I often give advice to others in these areas and speak to my friends and family about the dangers of having low self-worth, a lack of self-love and possessing low self-esteem. I am able to give people suggestions on how to improve in those areas and many of them are able to take my advance and make positive adjustments in their life.
But for some reason, while I was improving in those areas I was still riddled by them. In my own life the improvements in those areas were moving at a snail’s pace. It was very frustrating to know what was wrong with an area of my life but not be consciously aware of how to fix it.
I felt stuck.
I knew the problem, but could not determine how to deploy a plan of action in my own life!
Sadly, I was still allowing myself to be a doormat and for the life of me I could not figure out how to get off the floor!
I was very emotionally vulnerable and while I knew better mentally – emotionally I was a wreck!

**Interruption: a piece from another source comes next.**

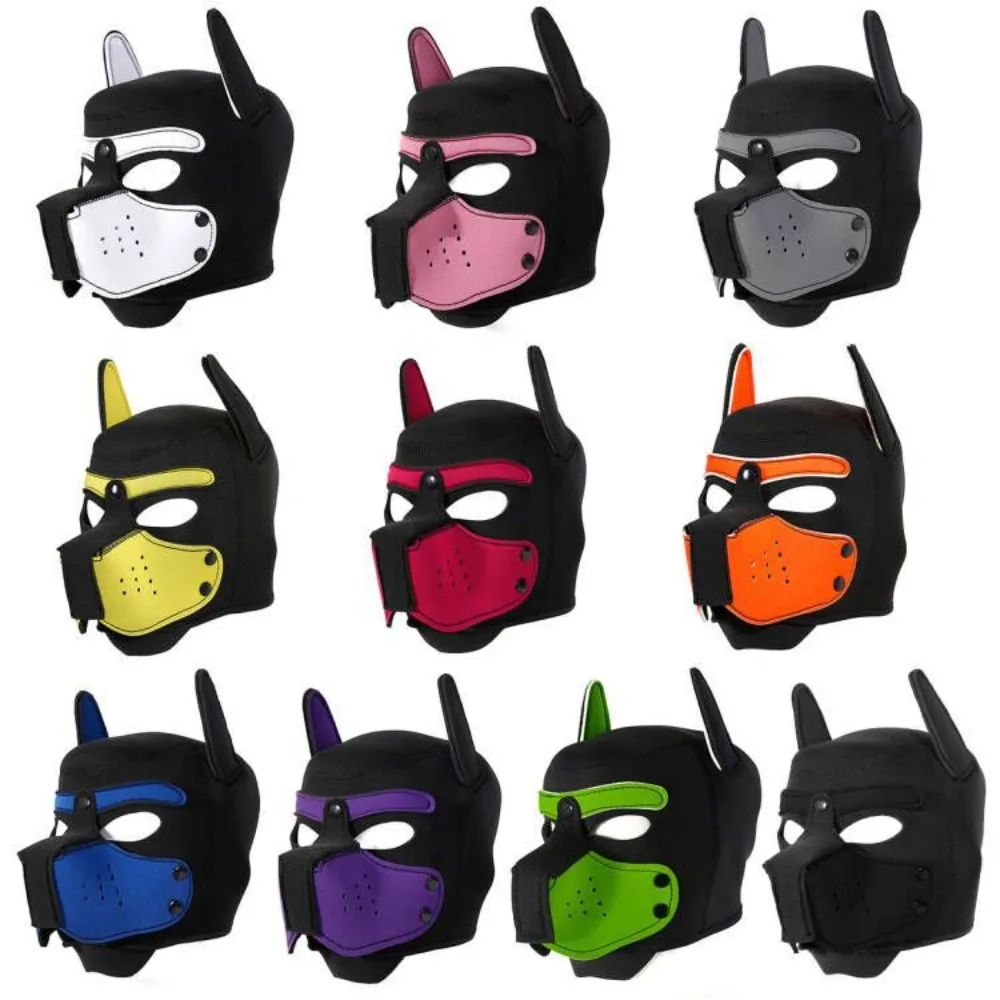 Adjustable face shield Unisex Sexy  Open Mouth Dog Headgear Halloween Pupply Play Party Couples Games Full FaceFetish Masks Hood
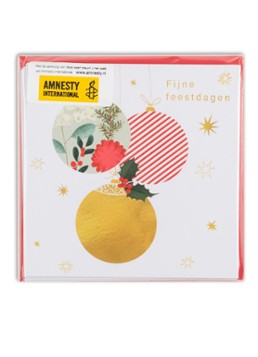 MAP Publishing Amnesty International Kerstbal kerstkaart - set van 8 inclusief enveloppen Multicolor - Deal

It is my firm belief that my failure to be true to myself wasn’t just showing up within my romantic life. In all honesty I was going through turmoil in almost every area of my life and I was desperately clinging for a sense of normalcy. I wanted better for myself, I wanted the chaos that was surrounding me to ease. And I knew that it all started with me. I had to work through the chaos within myself.
After much reflection, I have come to the conclusion of why I had a weak no. I had a weak no because I didn’t really see my worth and value.
The reason I could encourage others to see their worth and value and not myself was because I thought that everyone was valuable – well, everyone except for me.
Understand that I knew I was valuable, but I did not believe I was valuable, therefore I did not feel valuable. I could not act upon what I did not believe or feel to be true, even though deep down I knew better.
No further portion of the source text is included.